After rinsing your baking soda “shampoo,” pour the vinegar mixture over your head. Again, wipe your eye area before opening and do whatever you have to do while the vinegar does its thang for a minute. It will smell really strong, but don’t worry – your hair won’t smell like vinegar once it’s dry. I cross my heart!
Your hair will not feel as silky soft as it does after regular conditioner, but it will feel nice and smooth and most importantly, free of gunk that is totally messing up your head.
Note – I was using pasteurized apple cider vinegar for the first few weeks, until I went back and read that raw vinegar is better. As soon as I switched, I noticed a huge difference. All of the itching went away and I could go several days without washing my hair.
Once you’re out of the shower, towel dry your hair and style as normal. I still do everything to my hair that I always did – let it air dry, or dry it and curl/flat iron it. It behaves totally normally and I’m convinced it looks even better. Vinegar has long been used as a treatment to bump up hair’s natural shine.
And now for a flashback to the myspace days, please enjoy these lovely camera phone photos:
Your hair may feel funky for the first wash or two. Or three.
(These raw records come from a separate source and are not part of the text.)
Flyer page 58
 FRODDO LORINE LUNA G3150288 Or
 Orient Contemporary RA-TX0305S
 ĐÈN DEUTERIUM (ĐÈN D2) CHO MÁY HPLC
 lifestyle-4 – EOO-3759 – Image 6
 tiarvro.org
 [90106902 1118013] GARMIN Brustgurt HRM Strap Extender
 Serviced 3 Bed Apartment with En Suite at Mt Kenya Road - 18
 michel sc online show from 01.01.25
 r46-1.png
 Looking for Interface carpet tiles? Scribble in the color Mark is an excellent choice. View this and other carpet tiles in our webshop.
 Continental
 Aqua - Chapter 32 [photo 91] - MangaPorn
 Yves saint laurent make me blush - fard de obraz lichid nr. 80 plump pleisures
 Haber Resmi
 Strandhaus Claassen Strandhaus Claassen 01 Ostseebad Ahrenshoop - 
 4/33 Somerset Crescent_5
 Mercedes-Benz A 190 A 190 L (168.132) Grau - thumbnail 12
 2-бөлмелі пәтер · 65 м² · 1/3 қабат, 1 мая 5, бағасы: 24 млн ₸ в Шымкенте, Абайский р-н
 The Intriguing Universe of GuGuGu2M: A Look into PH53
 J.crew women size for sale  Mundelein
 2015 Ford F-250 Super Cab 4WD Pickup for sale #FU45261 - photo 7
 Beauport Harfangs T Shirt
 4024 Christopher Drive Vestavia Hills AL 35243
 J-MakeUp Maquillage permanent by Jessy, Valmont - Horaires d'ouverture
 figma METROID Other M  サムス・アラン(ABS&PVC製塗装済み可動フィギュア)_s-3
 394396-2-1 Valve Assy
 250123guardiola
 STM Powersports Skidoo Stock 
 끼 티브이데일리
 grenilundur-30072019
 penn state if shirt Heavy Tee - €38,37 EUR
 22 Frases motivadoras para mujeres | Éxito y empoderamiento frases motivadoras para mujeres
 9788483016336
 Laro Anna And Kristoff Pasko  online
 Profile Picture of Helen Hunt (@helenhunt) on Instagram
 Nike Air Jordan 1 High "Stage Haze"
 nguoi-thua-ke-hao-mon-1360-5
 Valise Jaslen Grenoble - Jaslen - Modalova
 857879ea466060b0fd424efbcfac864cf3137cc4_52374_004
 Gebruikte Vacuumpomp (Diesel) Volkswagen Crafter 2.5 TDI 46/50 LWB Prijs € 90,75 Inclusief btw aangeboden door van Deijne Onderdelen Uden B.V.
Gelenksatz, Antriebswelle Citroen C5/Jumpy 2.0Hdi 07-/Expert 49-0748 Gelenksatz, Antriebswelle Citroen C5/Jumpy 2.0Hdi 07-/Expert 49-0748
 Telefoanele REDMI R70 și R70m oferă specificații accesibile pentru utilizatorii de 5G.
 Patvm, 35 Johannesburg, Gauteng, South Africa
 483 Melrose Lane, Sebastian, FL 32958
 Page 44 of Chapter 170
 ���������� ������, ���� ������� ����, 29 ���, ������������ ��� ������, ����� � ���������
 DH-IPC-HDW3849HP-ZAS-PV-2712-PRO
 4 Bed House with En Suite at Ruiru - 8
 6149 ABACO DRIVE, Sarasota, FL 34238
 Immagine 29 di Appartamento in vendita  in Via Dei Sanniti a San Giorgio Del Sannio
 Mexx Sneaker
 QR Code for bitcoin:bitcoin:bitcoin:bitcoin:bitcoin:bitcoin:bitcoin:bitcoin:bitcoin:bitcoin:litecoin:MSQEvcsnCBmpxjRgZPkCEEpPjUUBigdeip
For me, my hair felt back to normal after the second time I used the No ‘Poo Method, but I’ve read that it can take people up to three weeks for the pH balance of their scalp to normalize. Certainly be patient, and in case you think it’s not worth it…
…I can’t even tell you what a difference this has made for my head. I’m telling everyone about it! True, I do get weird looks from time to time – I think some of my co-workers think I have crossed into Hippieland, never to return. But you will really save your scalp a lot of trouble, PLUS you won’t be contributing to all the plastic bottles in landfills, AND this method costs under $3 a month to do!
Win/win situation? I think so!
Some people use the baking soda paste I mentioned earlier to brush their teeth (Julia Roberts famously does this) or apply it under their arms as a deodorant. I am NOT there yet. Maybe one day. But for now, I’m just sticking my toe in the hippie pool, okay?
If you’re wondering what else you can do with the fancy apple cider vinegar you got, Sarah Wilson has five great solutions! But really, only four apply to you since you’ll already be using it on your hair.
No ‘Poo, No Good?
If you use this method for a month and you’re still suffering a dry, itchy or flaky scalp, candida could be the culprit and it’ll be time to really examine your diet. Candida is a kind of yeast that lives naturally in our bodies, but can get out of control and cause a whole host of symptoms – everything from fatigue to the shakes to intense cravings. Candida die-off can be a real pain in the butt and I’ve personally gone through it myself.
Dandruff or a yeasty scalp is often a candida issue and can be solved with diet. It’s definitely worth looking into. A doctor can easily test for candida overgrowth.
Well, how about it – was this entry too hippie-ish for you? Worry not, because Friday it’ll be time once again for links and other beautiful stuff. But word on the street has it that I’ll be posting an entry soon enough on my kombucha-making adventure. After that, I promise to take a break from the hippie stuff for a while!
Take care, my little hippie princes & princesses!